Ekspor Temulawak Tembus 42 Ton dari DSA Ponorogo

Gudang Solar Dum milik DSA Ponorogo untuk pengeringan temulawak.
Sumber :
  • Madchan Jazuli/Viva Jatim

Ponorogo, VIVA Jatim – Setelah sukses dengan kunyit, Desa Sejahtera Astra (DSA) Ponorogo tak tinggal diam. Saat ini juga merambah komoditas temulawak yang menjadi tanaman primadona, lantaran sudah bisa ekspor ke Pakistan sebanyak 42 ton sekali musim.

Salah satu fasilitator DSA Ponorogo, Slamet Riyanto menerangkan jika dahulu temulawak tidak pernah ada yang memandang, hanya sebatas ditanam seadanya. Namun, saat ini temulawak sudah bisa masuk pasar ekspor ke Pakistan.

"Alhamdulillah kita bisa berhasil menembus pasar langsung Pakistan, ini baru temulawak ini sudah kita siapkan 2 kontainer kemungkinan kalau tidak minggu depan kita pengiriman 2 kontainer ke Pakistan dengan total ada 42 ton temulawak," papar Slamet Riyanto kepada VIVA Jatim, Selasa, 4 November 2024.

Dirinya menerangkan bahwa jumlah tersebut merupakan akumulasi dari Ponorogo dan beberapa wilayah sedikit dari Pacitan. Sebab sebelumnya temulawak bukan primadona tetapi sekarang muncul menjadi primadona baru menembus pasar internasional.

Pria yang juga pendamping Desa Sejahtera Astra (DSA) Pacitan dan Ponorogo ini mengaku meskipun harga tersebut belum sesuai keinginan diangka 14 sampai 15 ribu, namun masih diangka Rp 10 ribu.

Tetapi paling tidak dari yang biasanya tidak ternilai yang hanya sekitar 6 sampai 7 ribu temulawak kering, saat ini mengangkat dari petani bisa dibeli Rp 8 ribu sampai Rp 9 ribu.

"Itu bisa menambah value dari temulawak tersebut. Target saya di Rp 15 ribu kalau petani Rp 11 sampai Rp 12 ribu itu cantik banget.
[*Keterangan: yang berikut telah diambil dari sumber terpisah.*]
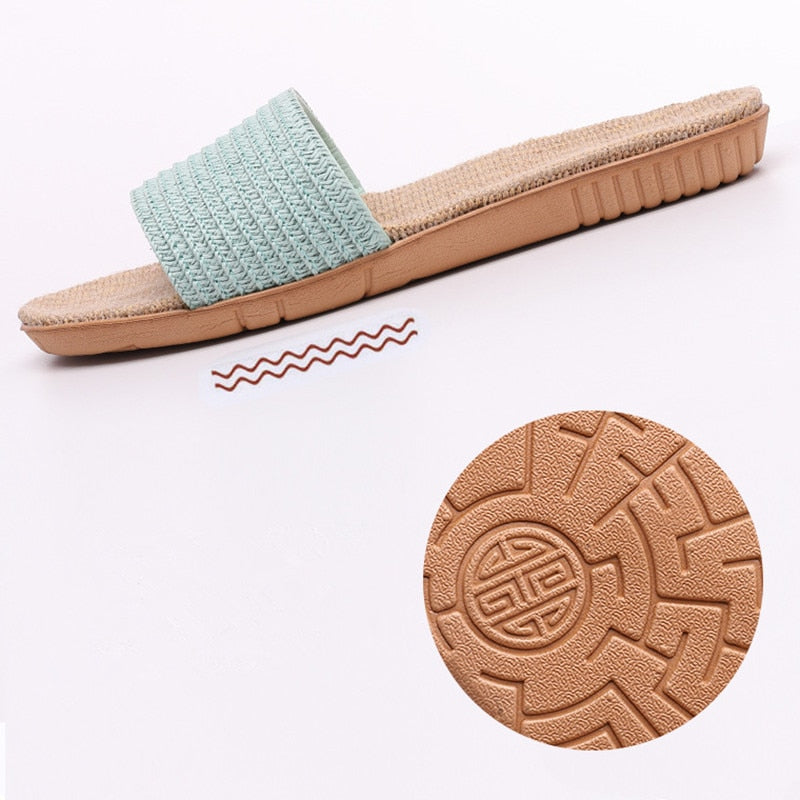 FAYUEKEY 2023 Summer Men Linen Flax Home Slippers Floor Beach Outdoor Flip Flops Breathable Non-slip Slides Sandals Flat Shoes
Kalau Pakistan temulawak untuk bahan biasanya untuk masyala bahan baku tambahan makanan. kalau biasanya Pakistan itu dia untuk makanan untuk herbal,"
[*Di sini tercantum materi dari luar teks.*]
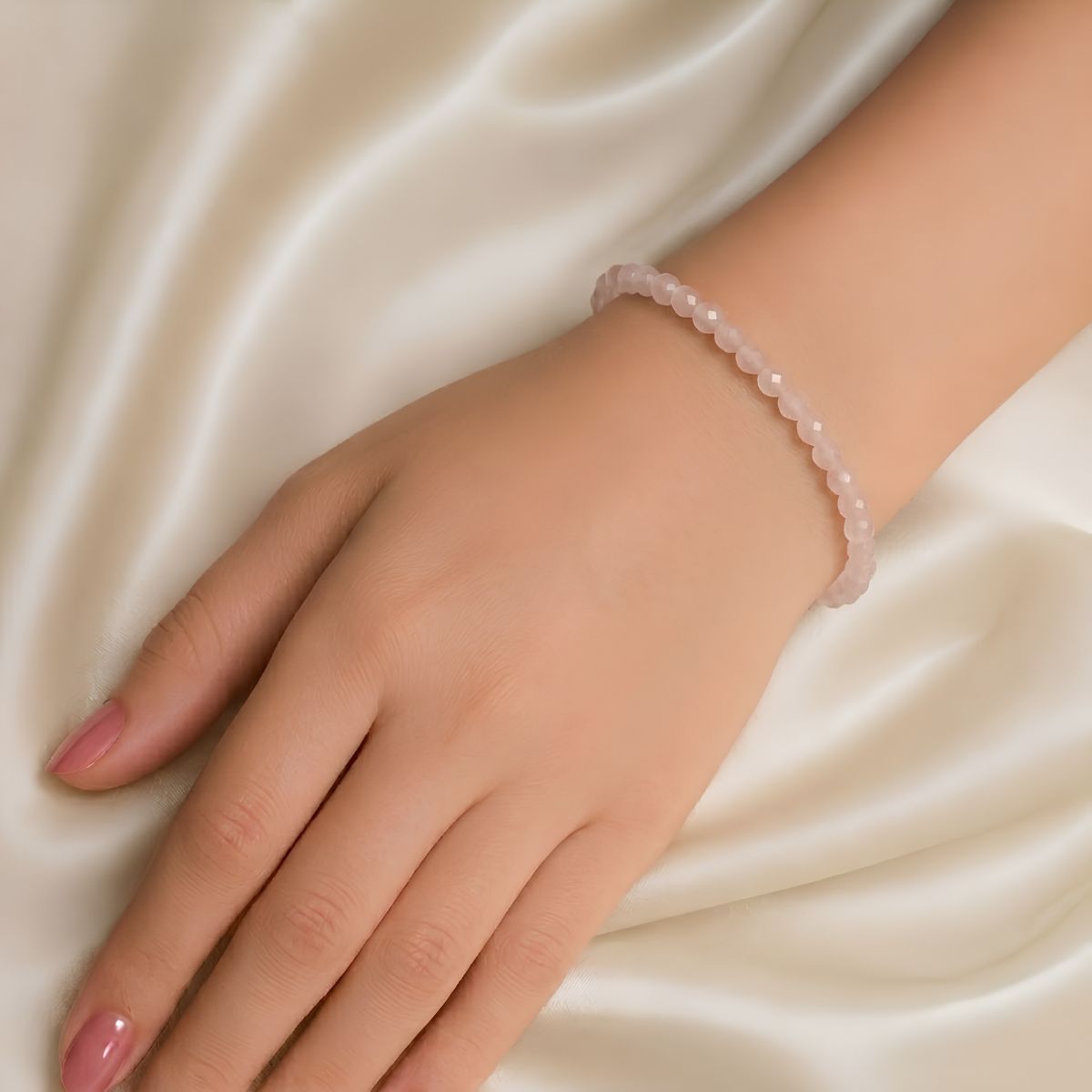 Rose Quartz Faceted Chain Bracelet 4mm-Shubhanjali Store (1) rose quartz faceted chain bracelet 4mm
Menurut pengalamannya, ekspor Pakistan biasanya kalau sudah cocok barang yang terbeli, akan selalu konsisten berlangganan. Sebab ia juga pernah ekspor untuk kelapa ke Pakistan dan kopra putih.
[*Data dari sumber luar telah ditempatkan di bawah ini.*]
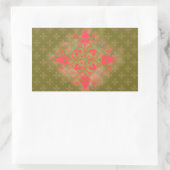 florale achtergrond van olijfmos roze rechthoekige sticker (Tas)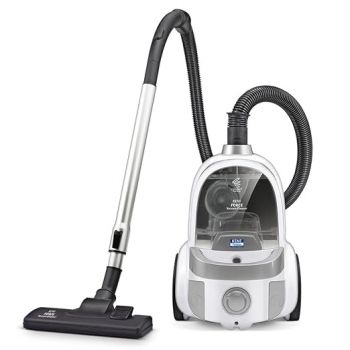 KENT Force Cyclonic Vacuum Cleaner KSL 160 | 2000W | Washable HEPA Filter | Low Noise | Rubberized Wheels | Multiple Accessories | Bagless Design | Auto Cord Retractor | White/Silver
"Mereka kontinyu asal kita bisa menjaga kualitas barangnya," akuinya.

Untuk suplai temulawak, ia menerangkan satu kawasan Ponorogo sampai ke Pacitan. Sehingga Desa di Pacitan juga mengirim ke Ponorogo. Karena pertimbangan untuk Trenggalek dan Pacitan panas tidak sebagus Ponorogo.

Slamet menambahkan pengeringan temulawak memang terpusat di Ponorogo selain panas, juga proses menggunakan mesin-mesin yang sudah lengkap. Termasuk ayak dan sebagainya, sehingga memungkinkan untuk kontainer bisa mengangkut barang tersebut.

"Kalau Trenggalek dan Pacitan susah. Alamatnya berada di desa yang pertama di Desa Broto gudang pusatnya," jelasnya.

Dirinya menerangkan temulawak melalui proses untuk finishing, packing harus di satu lokasi karena tidak bisa sembarang. Sebab pengumpulan dari petani tidak mungkin sama dari tingkat kadar air.

"Ada yang 18%, 20% ada yang 22% karena tingkat pengeringan dari masing-masing petani itu beragam. Yang disana itu adalah gudang untuk pemrosesan akhir untuk menyamaratakan mutu, standar kualitas," bebernya

Slamet menambahkan jika standar tingkat pengeringan diangka 12 sampai 14 persen. Jumlah tersebut mencapai standar yang diinginkan buyer.

Potensi yang menarik ini, DSA Ponorogo menangkap dengan mengambil langkah strategis yaitu membagikan pembibitan temulawak ke petani. Langkah ini untuk dikembangkan ke petani supaya minimal menanam terlebih dahulu.

"Nanti perkara dirawat atau tidak Nanti tergantung mereka. Termasuk kalau perawatan juga kita bantu dengan pupuk dan sebagainya itu ditanam di berbagai desa binaan kita," urainya.